Monday, 26 September 2011

Transaction Life Cycle for Credit Card Processing

Credit card processing tends to follow the same transaction life cycle, whether your customer pays with credit cards in person or uses a credit card online or by phone. The specific credit card processing events and activities may vary from one merchant or card issuer to another, but the basic life cycle is the same.

If you’re going to accept credit cards from your customers, it’s a good idea that you understand how the credit card processing life cycle works, how the money ends up in your account, and what happens if something goes wrong with the cycle.

Authorization of Card

1. The credit card user presents their credit card to make payment in person, or enters their details into a form or to a customer service representative by phone.

2. The merchant swipes the card or the account details are digitally entered into the system for submission to the merchant account for processing.

3. The merchant bank electronically requests card authorization from the card issuer (Visa, MasterCard, Discover, American Express).

4. The card issuer approves or declines the transaction, and sends the response back to the merchant bank.
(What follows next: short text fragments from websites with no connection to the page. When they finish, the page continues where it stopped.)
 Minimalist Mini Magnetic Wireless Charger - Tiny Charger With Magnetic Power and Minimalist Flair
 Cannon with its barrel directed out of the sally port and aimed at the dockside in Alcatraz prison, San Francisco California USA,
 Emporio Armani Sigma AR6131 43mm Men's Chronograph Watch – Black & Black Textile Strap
5. The merchant bank sends response back to the merchant, and the merchant processes the transaction based on whether the card is approved or declined.
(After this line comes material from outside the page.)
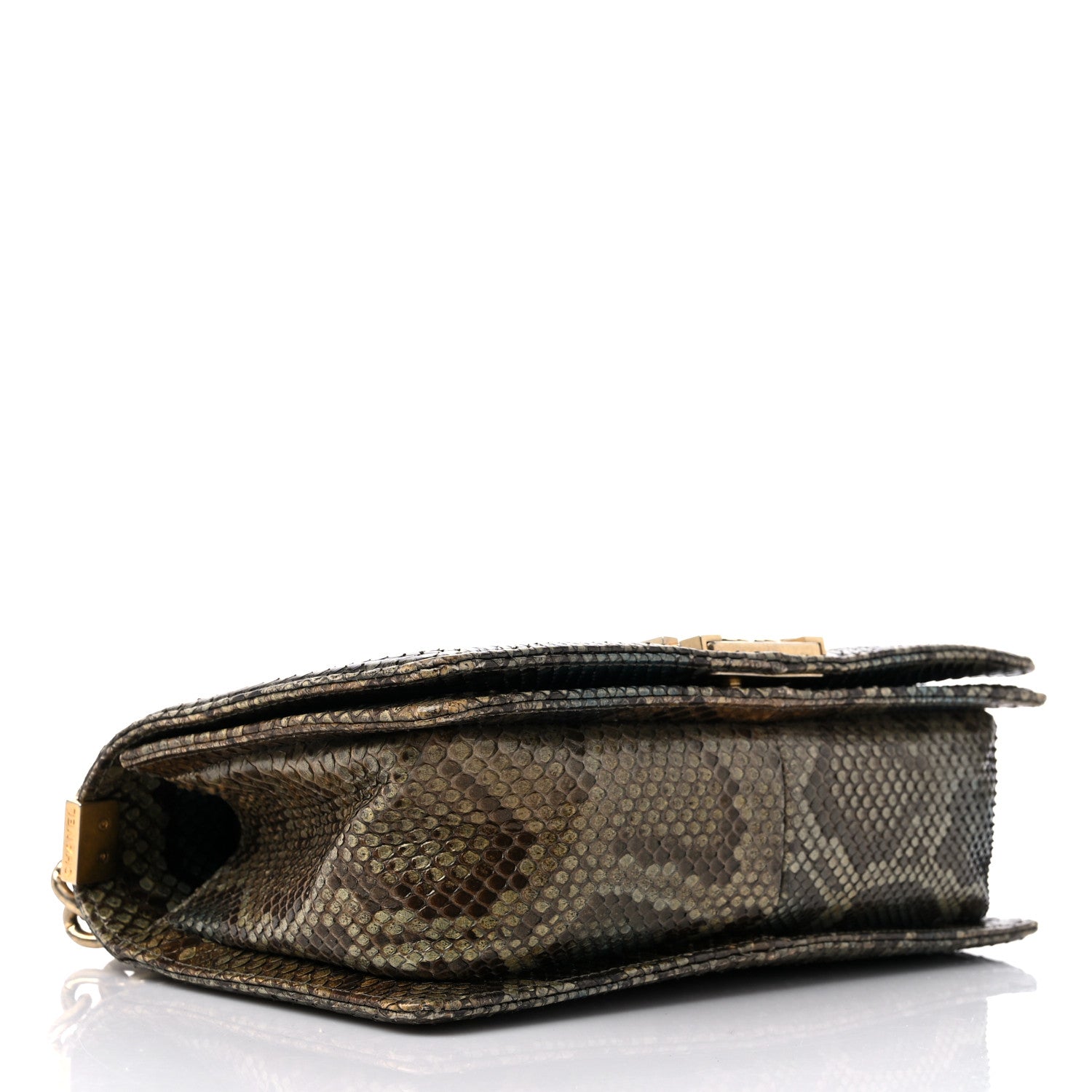 Chanel Embellished Metallic Snakeskin Medium Boy Flap Gold 4 of 10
Clearing and Settlement of Payment

1. The funds from the credit card payment are deposited into the merchant’s bank, the merchant’s account is credited and an electronic submission of the transaction is sent to the credit card processor.

2. The credit card processing system, facilitates payment, pays the merchant bank, debits the cardholders account, and sends the transaction on to the card issuer.
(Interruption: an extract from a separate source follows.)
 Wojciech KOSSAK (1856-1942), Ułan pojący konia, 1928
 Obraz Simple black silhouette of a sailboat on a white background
3. The card issuer posts the transaction to the cardholders account and sends the monthly statement to the cardholder for payment.

4. Cardholder receives their credit card statement and sends payment.

Maintaining Consumer Credit Card Safety

As a merchant accepting credit cards, you should understand your role in keeping the credit card data safe throughout the credit card processing life cycle. Your data storage systems should not maintain any of the magnetic-stripe data received after a customer swipes a card and the transaction has been processed. After the card is authorized, all information taken from the swiping of the card must be deleted. You can maintain account number, expiration dates and names from credit cards if you do so in a CISP-compliant manner, but no other information can be stored.

If you use the CVV2 number for verification purposes in some or all of your credit card transactions, you must not store that data or document it in any way digital or otherwise.

Businesses are often liable for losses customers experience due to compromised credit card data that occurs due to merchant neglect and lack of adequate data security measures.